Posturing for points against Big Tech

CBJ Editorial

Every few years Congress conducts a parade of successful business executives through committee hearings to lambast them and score political points.

It is usually an ugly ordeal.

It happened in 2008 when auto executives came to Washington (memorably, in their private jets) to seek a bailout during the height of the Great Recession.

It happened again on July 29 via video conference when the so-called “tech titans” of Apple, Google, Facebook and Amazon had their day in front of Congress, testifying about concerns that they use the power of their technology platforms to compete unfairly.

The hyperbole during the hearings came from politicians from both political parties.

“Our founders would not bow before a king,” said David Cicilline, a Rhode Island Democrat, “nor should we bow before the emperors of the online economy.”

We certainly have concerns with the deleterious effect of social media and profitable tech companies not paying taxes, but these antitrust concerns seem overblown. These companies and the jobs and wealth that they have created should be embraced, not castigated.

Ironically, the hearing took place a day before the nation’s Commerce Department said U.S. gross domestic product — the value of all goods and services produced across the economy — fell at a 32.9% annual rate in the second quarter, or a 9.5% drop compared with the same quarter a year ago. Both figures were the steepest in records dating to 1947, the Wall Street Journal reported.

When companies are surviving and thriving during a pandemic, maybe the best way to get the economy back on track is not to criticize the leaders of the companies most Americans are relying on to help them get through the crisis.
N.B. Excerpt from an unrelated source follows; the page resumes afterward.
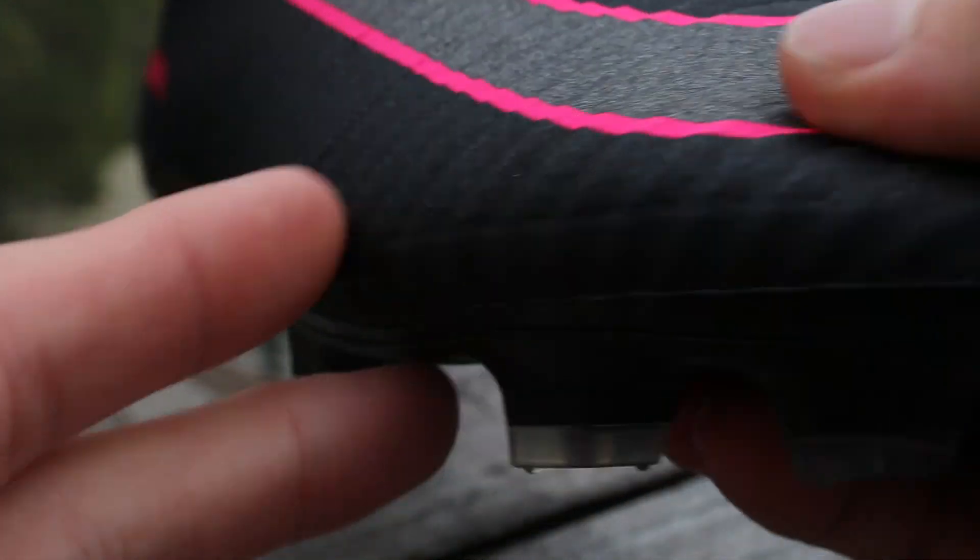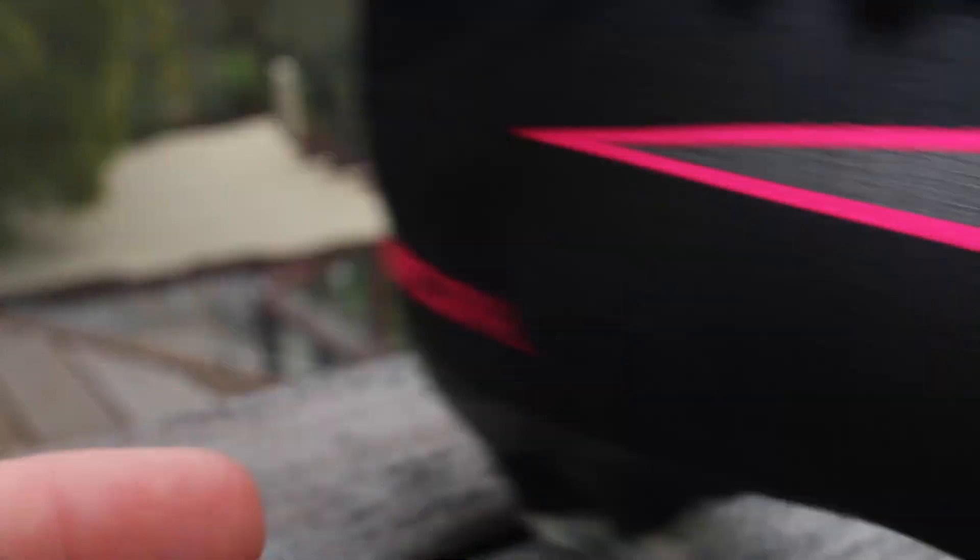I've titled this video the Comprehensive Guide to the Superfly 5. I'll be giving you a quick rundown of what this shoe has to offer and then following that up with my personal experiences and opinions. So now let's say you get this shoe in your hands for the very first time — I guarantee you that the first thing you'll notice is how light the shoe actually is.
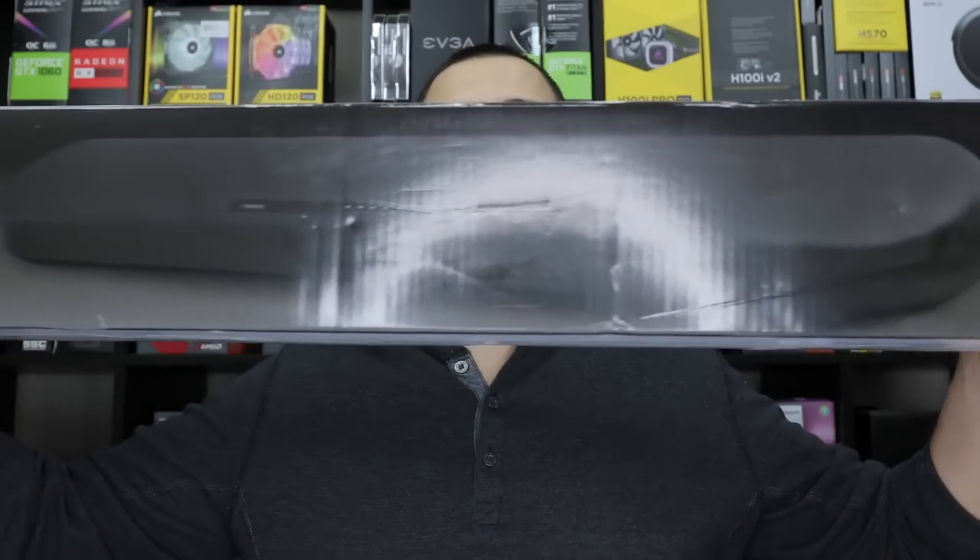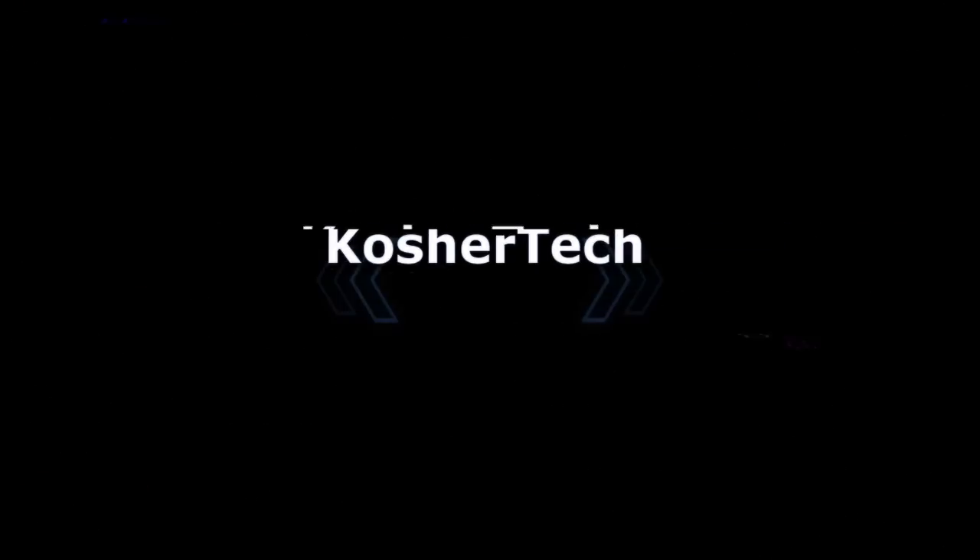What is up guys, Coach of Tech here. Today we have another soundbar to review — this is a soundbar from Yamaha, the YAS-108. Let's check out the box quickly. It supports 4K Ultra HD — all these soundbars support 4K Ultra HD, don't get caught on that. It does support HDMI, Bluetooth, Dolby Audio, DTS, and DTS Virtual:X.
Amazon, which employs more than 500,000 people in the U.S., making it the country’s second largest private employer, was aiming to hire 100,000 new workers during the beginning of the pandemic when millions of people were getting laid off.

Amazon announced recently that 1.7 million small and medium-sized businesses sell via Amazon’s platform, and Iowa was ranked the top state in terms of digital entrepreneurs per capita.
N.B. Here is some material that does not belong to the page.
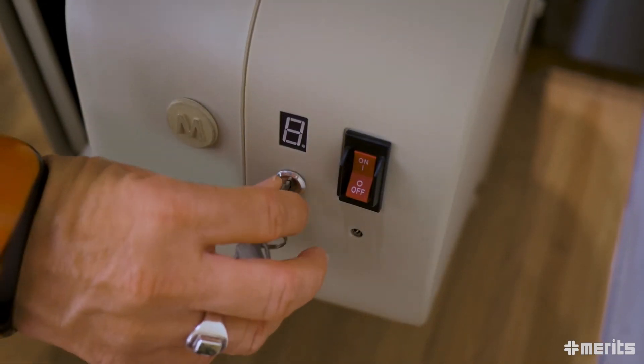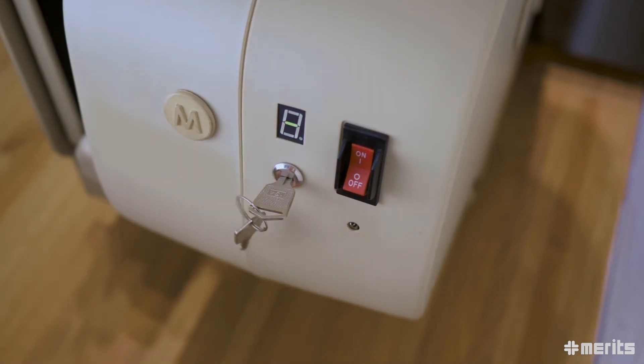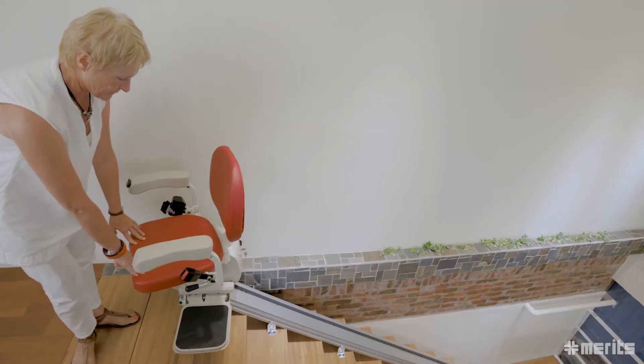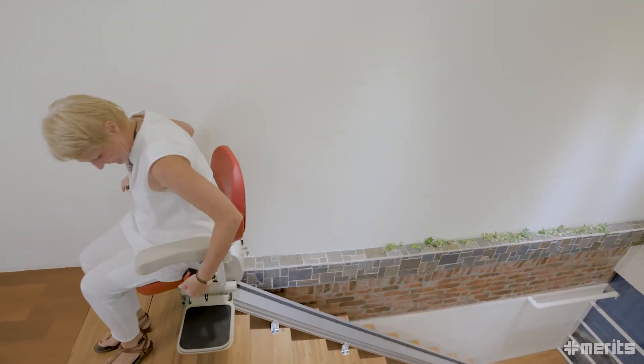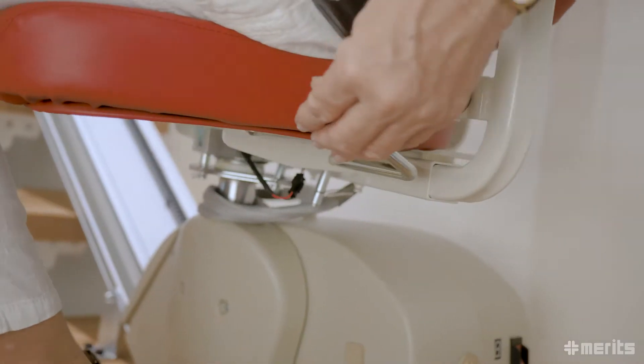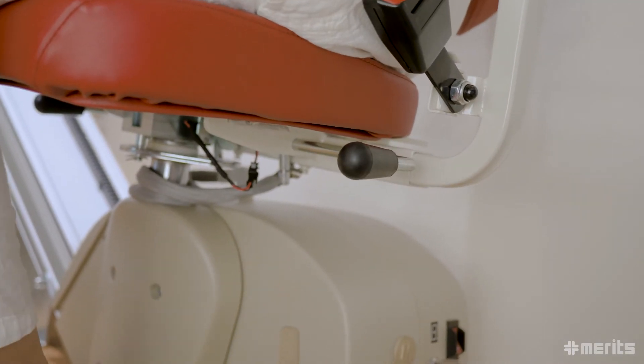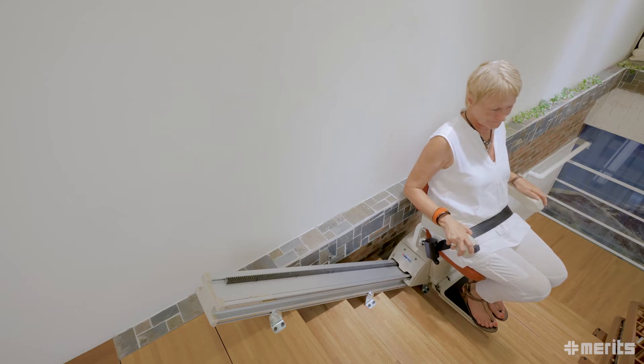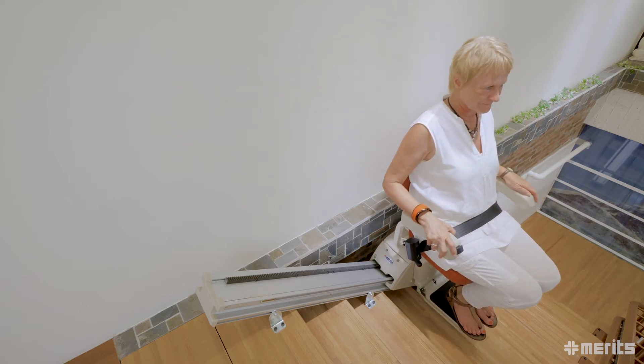The Pilot E603 has many features for additional safety and comfort. The unit powers up via a key ignition for added security. The swivel seat design with locking catch ensures easy entry and exit from the carriage. The unit is non-operational unless the seat has been fully unfolded and turned into the ready position.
These tech companies are also taking strong positions on the environment.

Amazon launched a $2 billion fund earlier this year to advance technologies that will cut down greenhouse gases.

Apple announced that is committing to be 100% carbon neutral for its supply chain and products by 2030.

Criticizing success, especially in the business world, is something that has occurred seemingly forever. The treatment of these executives and the wealth that their companies and themselves have generated reminds us of an editorialist at a Muncie, Indiana, newspaper who, during the Great Depression noted that Theodore Roosevelt had once said: “To preach hatred of the rich man as such” was “to mislead and inflame to madness honest men.”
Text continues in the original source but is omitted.